North American circus company

The Shrine Circus is a circus founded in Detroit, Michigan on Woodward Avenue in 1906. It travels to roughly 120 cities per year in the United States and a separate unit travels to about 40 in Canada. It is affiliated with the former Ancient Arabic Order of the Nobles of the Mystic Shrine, now Shriners International.

==History==

The circus was originally a one-ring affair, but by 1925 it had grown to three rings. Despite now traveling to many cities, the Detroit affair is still the largest. In 1996, it ran for 17 days with 40 performances making it not only the oldest Shrine Circus, but also the most attended. The most famous venue to host the circus is the Shrine Auditorium in Los Angeles, California, where the Southern California Shrine Circus takes place.
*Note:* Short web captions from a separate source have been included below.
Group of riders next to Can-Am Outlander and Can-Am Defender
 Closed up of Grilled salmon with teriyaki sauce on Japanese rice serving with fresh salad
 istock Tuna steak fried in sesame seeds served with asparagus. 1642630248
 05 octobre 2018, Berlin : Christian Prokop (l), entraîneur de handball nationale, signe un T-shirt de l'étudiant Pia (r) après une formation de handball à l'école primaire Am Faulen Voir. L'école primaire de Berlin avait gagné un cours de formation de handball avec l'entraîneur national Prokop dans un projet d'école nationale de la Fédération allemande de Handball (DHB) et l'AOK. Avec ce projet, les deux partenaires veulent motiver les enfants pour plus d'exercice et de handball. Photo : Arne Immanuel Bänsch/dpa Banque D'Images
By the 1920s Shrine Circuses were being conducted throughout the country, and each year additional Shrine Centers introduced circuses to their communities. The first Shrine Circus each year is usually in Flint, Michigan, each January. The circus then travels to at least one city per week through November. The last performances are usually held Thanksgiving week in Evansville, Indiana, and New Orleans, Louisiana. The 2005 season ended in Baton Rouge, Louisiana, rather than New Orleans, due to Hurricane Katrina.

The term "Shrine Circus" is usually prefaced by the name of the host Shrine in each geographic area. Over the years many circus stars have appeared in Shrine Circuses, including: Clyde Beatty, the Flying Wallendas, Emmett Kelly, the Flying Concellos, the Hannefords and the Zacchini brothers.